Looking at the components of net income. We go back to net interest margin, which, for the quarter, was 3.93% as compared to net interest margin of 3.91% for Q1 and 3.79% in the fourth quarter 2017..

Yield on assets is up in the quarter 7 basis points, led by loans with a yield of approximately 5.73% on a weighted average loan coupon at the end of June of 5.18%, up from March of about 5.04% and compared to about 4.98% at year-end..

Securities yielded about 2.73% in Q2 and 2.67% in Q1 2018 and were about 2.50% at December 31..

We discussed deposits earlier, and the cost of Federal Home Loan Bank overnight advances has risen, not surprisingly, about 38 basis points in the second quarter to 1.97%..

Loan yields, including a heavy quarter for purchase accounting accretion and an estimated adjusted loan yield, would be about 5.65% and a normalized net interest margin would be about 3.80% to 3.85% against the stated NIM of 3.93%..

Brad?.

Brad Elliott Founder, Chairman & Chief Executive Officer

Provision for loan losses was $750,000 in the quarter, reflecting the high credit quality we alluded to earlier.
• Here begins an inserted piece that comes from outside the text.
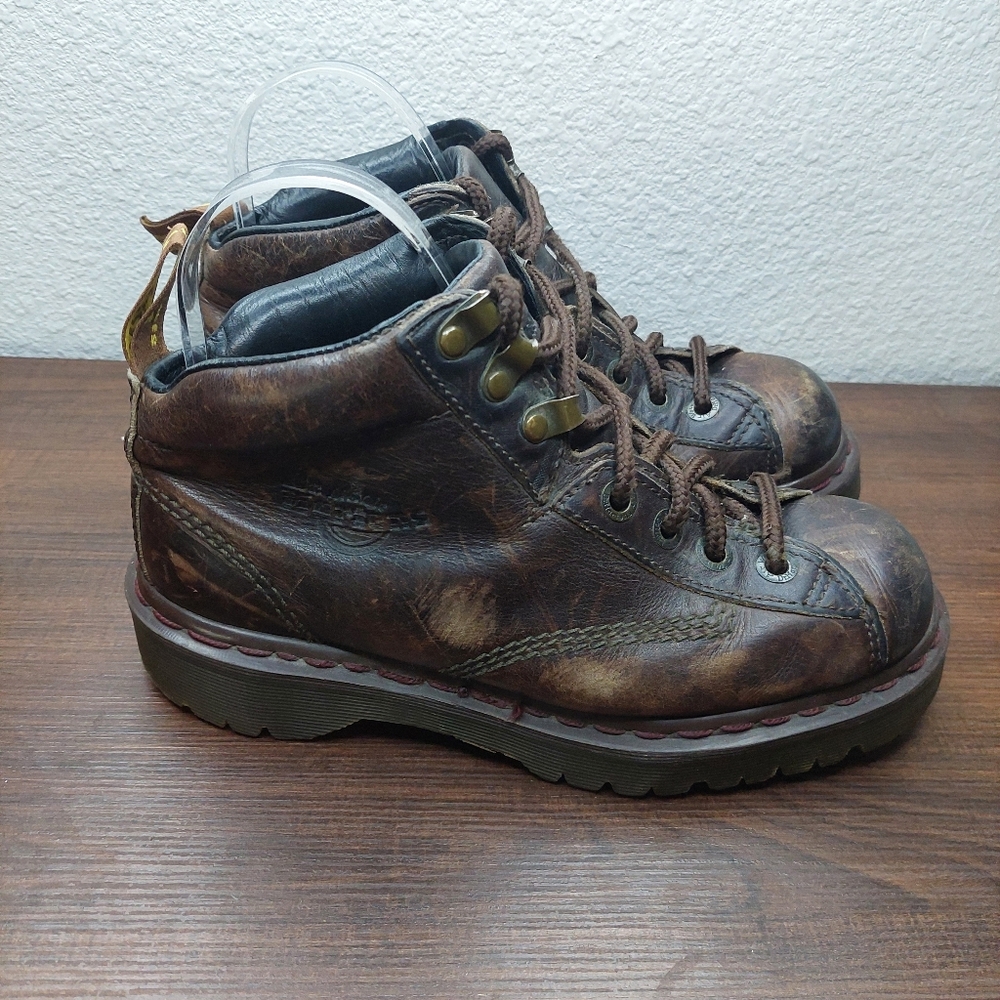 Vintage Dr. Martens Made In England Chuncky Lace Boots Size 5 Men's Women's 6.5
And we have net loan recoveries for the quarter of $17,000. Greg referenced recoveries on OREO, and it was primarily on a senior living facility we acquired through the Eastman merger..

ALLL as a percentage of total loans was 42 basis points at quarter-end, up since year-end, and total reserves with purchase accounting discounts was 1.11%..

Although we are not tightening credit at this point, we are not loosening either. We believe this cycle is long in the tooth, and we are still seeing some exuberant behavior from some other lenders in our markets. And I want our stakeholders to know that is not who we have ever been or who we will become.

I simply expect our lending teams to continue to work hard, be smart, provide excellent service and expertise and grow our portfolio wisely. .

Gregory Kossover

Noninterest income for the quarter was in line with our expectations at $4.6 million.

After scrubbing our merger-related expenses of $5.2 million, noninterest expense in the quarter was $20.7 million, slightly higher than our guidance and due to incenting the teams for performance above our expectations and as we continue to enhance our infrastructure for growth..

Our efficiency ratio continues to trend downward, ending the quarter at 58.40%; and noninterest expense without merger expenses to average assets was 2.39%, both measures at their lowest since the company went public..

Our effective income tax rate for the first quarter was 22.2%, in line with our previous guidance. This leaves Equity Bancshares with a return on average assets as stated at 79 basis points and pro forma-ed for noncore adjustments of 1.22%..

Return on average tangible common equity as stated is 10.6% and adjusted for noncore items is 15.2%. .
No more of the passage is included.